Face-Lifts: New Considerations in Detailing
Credits: UIC School of architecture - ARCH 466 – Spring 2010
Students: Chiu Bentley, Hubert Lauren, Kasper Tommy, Kazmierczak Paul, Krcmarevic Nikola, Milovanovic Igor, Phillips Doug, Sohn John, Sundin Michelle, Szymczak Jon, Tisza John
Contemporary logistics for both design and execution of experimental building envelopes has been accompanied by a paradigm shift in the conceptualization of detailing.
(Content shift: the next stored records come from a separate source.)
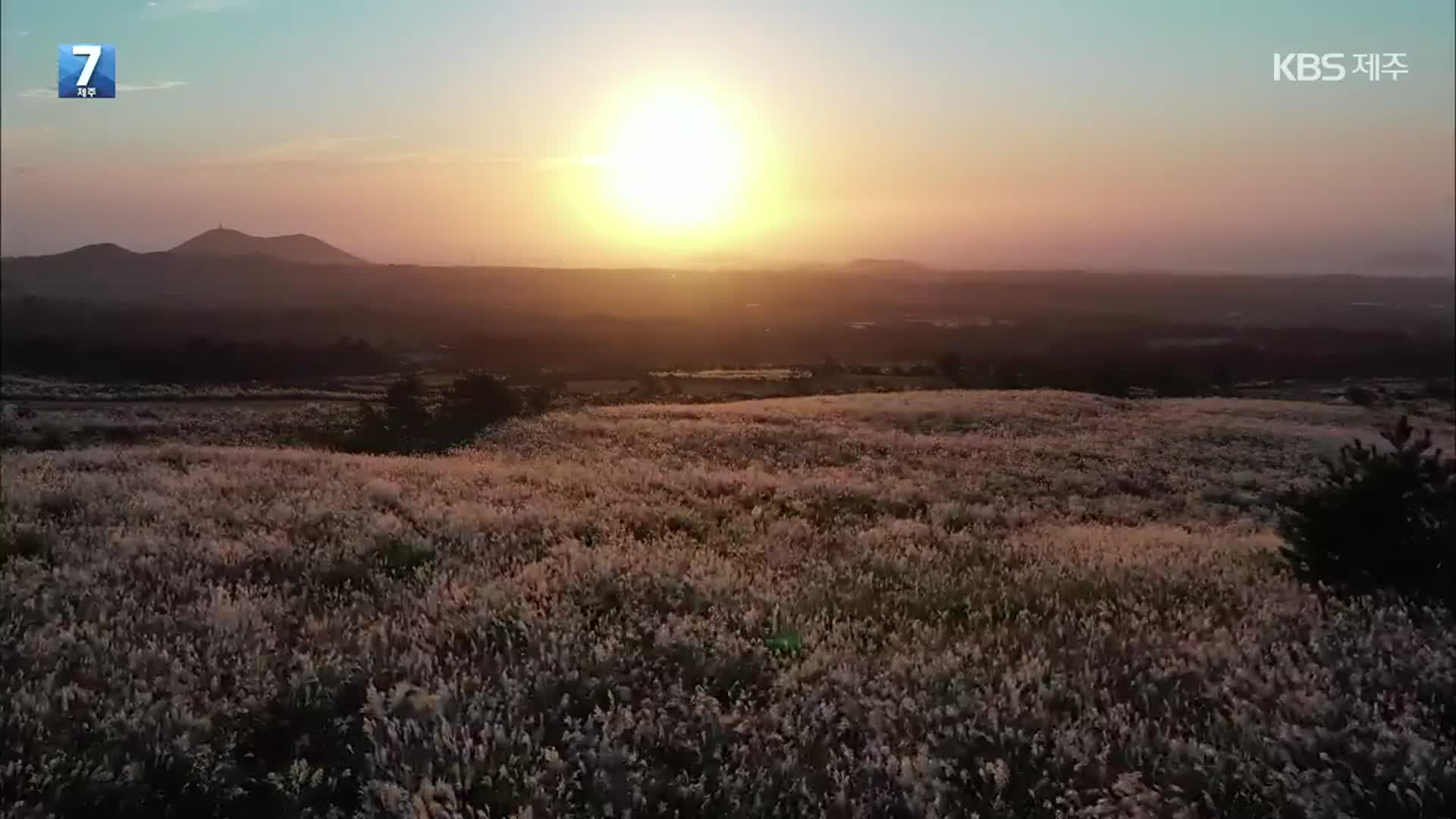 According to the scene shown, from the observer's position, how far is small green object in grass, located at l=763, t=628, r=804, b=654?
5.34 meters

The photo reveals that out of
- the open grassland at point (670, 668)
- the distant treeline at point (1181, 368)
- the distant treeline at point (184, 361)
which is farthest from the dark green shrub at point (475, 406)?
the distant treeline at point (1181, 368)

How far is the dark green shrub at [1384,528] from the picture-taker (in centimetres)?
725

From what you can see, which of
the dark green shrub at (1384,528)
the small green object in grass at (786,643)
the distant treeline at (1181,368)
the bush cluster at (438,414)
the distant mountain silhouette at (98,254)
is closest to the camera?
the small green object in grass at (786,643)

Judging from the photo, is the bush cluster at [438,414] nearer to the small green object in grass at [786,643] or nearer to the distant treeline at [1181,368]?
the small green object in grass at [786,643]

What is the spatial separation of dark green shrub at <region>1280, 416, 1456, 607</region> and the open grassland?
0.53 metres

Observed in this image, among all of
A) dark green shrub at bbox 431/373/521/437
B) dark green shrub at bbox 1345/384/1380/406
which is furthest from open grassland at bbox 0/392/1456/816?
dark green shrub at bbox 1345/384/1380/406

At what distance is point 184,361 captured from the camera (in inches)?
2233

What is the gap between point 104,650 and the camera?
5070 millimetres

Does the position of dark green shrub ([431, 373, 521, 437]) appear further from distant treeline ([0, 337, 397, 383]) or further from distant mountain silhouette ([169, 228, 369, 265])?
distant mountain silhouette ([169, 228, 369, 265])

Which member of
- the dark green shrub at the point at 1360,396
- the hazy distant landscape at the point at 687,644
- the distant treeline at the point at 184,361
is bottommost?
the dark green shrub at the point at 1360,396

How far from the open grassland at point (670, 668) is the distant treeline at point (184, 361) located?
171ft

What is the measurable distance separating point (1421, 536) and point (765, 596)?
5.59 m

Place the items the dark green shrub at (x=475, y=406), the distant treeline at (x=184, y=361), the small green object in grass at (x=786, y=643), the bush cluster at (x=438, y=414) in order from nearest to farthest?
the small green object in grass at (x=786, y=643), the bush cluster at (x=438, y=414), the dark green shrub at (x=475, y=406), the distant treeline at (x=184, y=361)

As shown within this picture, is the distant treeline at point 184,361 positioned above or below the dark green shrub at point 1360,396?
above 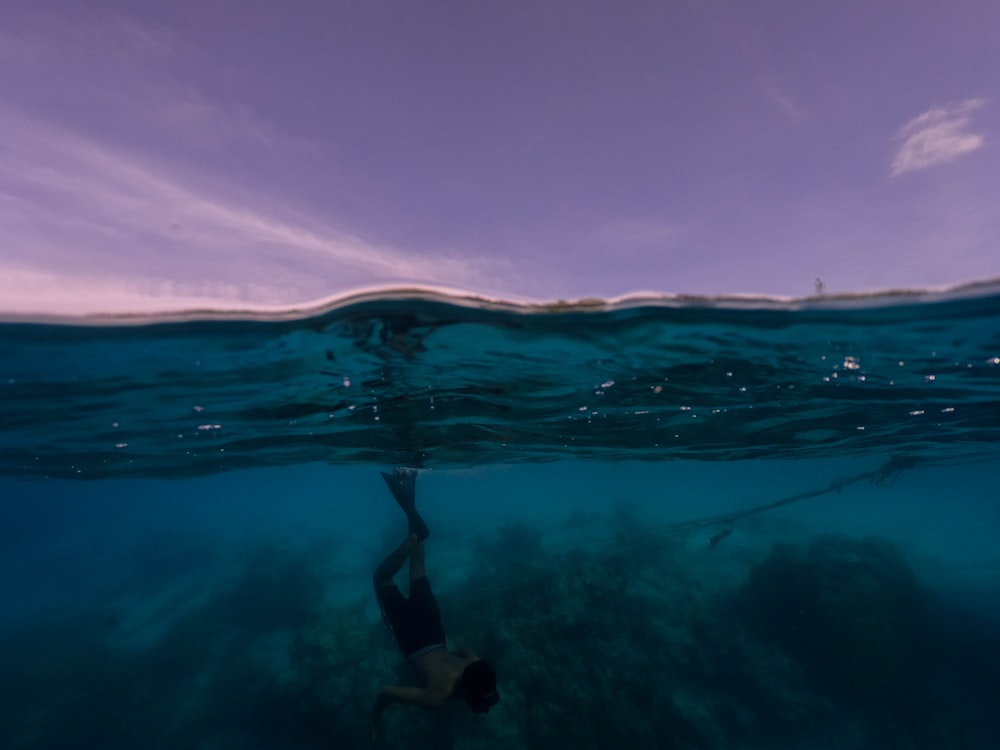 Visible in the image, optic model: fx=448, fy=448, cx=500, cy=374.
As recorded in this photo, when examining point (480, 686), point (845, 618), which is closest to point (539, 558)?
point (845, 618)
Detailing typically entails applying acquired and transferable knowledge to building conditions. In the modernist tradition, this primarily meant articulating the building skin at its corners. In the contemporary project, a building condition has become a pervasive range of layered qualities and effects. Detailing in this context means designing the range and orchestrating the effects of material assemblies over that range. What is of particular interest here remains the question of transferable knowledge encapsulated in the detailing methodology when designing for a range of effects.
“Re-usables” are repeatable sequences of critical design operations that like a diagram may be adapted, evolved, or mutated in order to address a range of conditions similar to the ones for which they were initially intended. A re-usable is a quantity of design information that may be stored, archived and retrieved.
Working with “Re-usables” new facades to existing high-rises in Chicago were being tested, treating them as infrastructure whose cores and slabs is still invaluable but whose facades are mostly obsolete and in need of a “face-lift”.